__Task item__
Which lines come from the start of the listing through the line holding "Some recommended illumination"? Restate exactly those, both included, minus the pictures.

__Provided material__

──────────

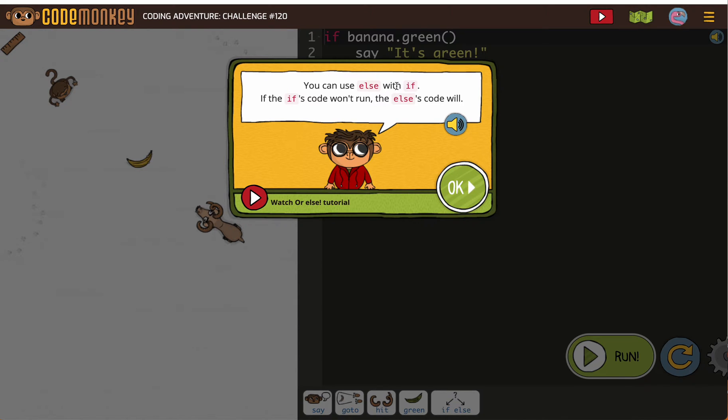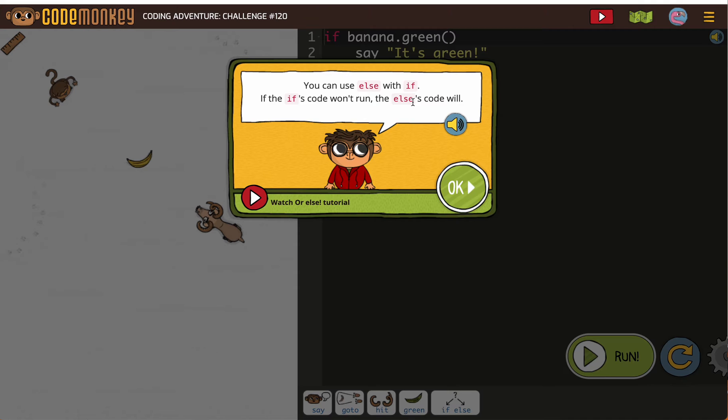You can use else with if. We saw that in the video. If the if's code won't run, then the else's code will. Meaning, when we put if, if that's true, that code runs. If it's false, else's code runs.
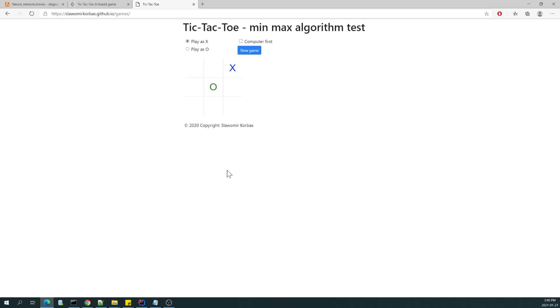So we cannot approach different games with such an algorithm which is effective and doesn't make any mistakes. So we need to use artificial intelligence, which is the trend today.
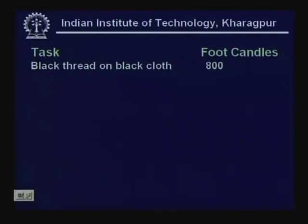Some recommended illumination levels based on experience, keeping visual factors and acuity in mind, are listed for various operations. The recommended foot candles vary depending on the visual task's difficulty.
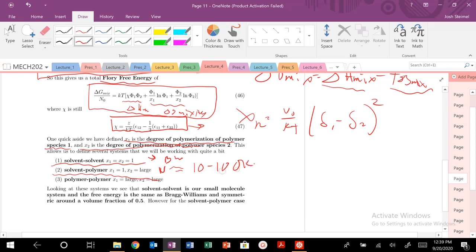We can also mix polymer-polymer, where X1 and X2 are both large. We can have a symmetric situation where X1 equals X2, or an asymmetric one where X1 does not equal X2. We're going to see really different behavior in our free energy diagrams.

──────────

__Solution__
You can use else with if. We saw that in the video. If the if's code won't run, then the else's code will. Meaning, when we put if, if that's true, that code runs. If it's false, else's code runs.
So we cannot approach different games with such an algorithm which is effective and doesn't make any mistakes. So we need to use artificial intelligence, which is the trend today.
Some recommended illumination levels based on experience, keeping visual factors and acuity in mind, are listed for various operations. The recommended foot candles vary depending on the visual task's difficulty.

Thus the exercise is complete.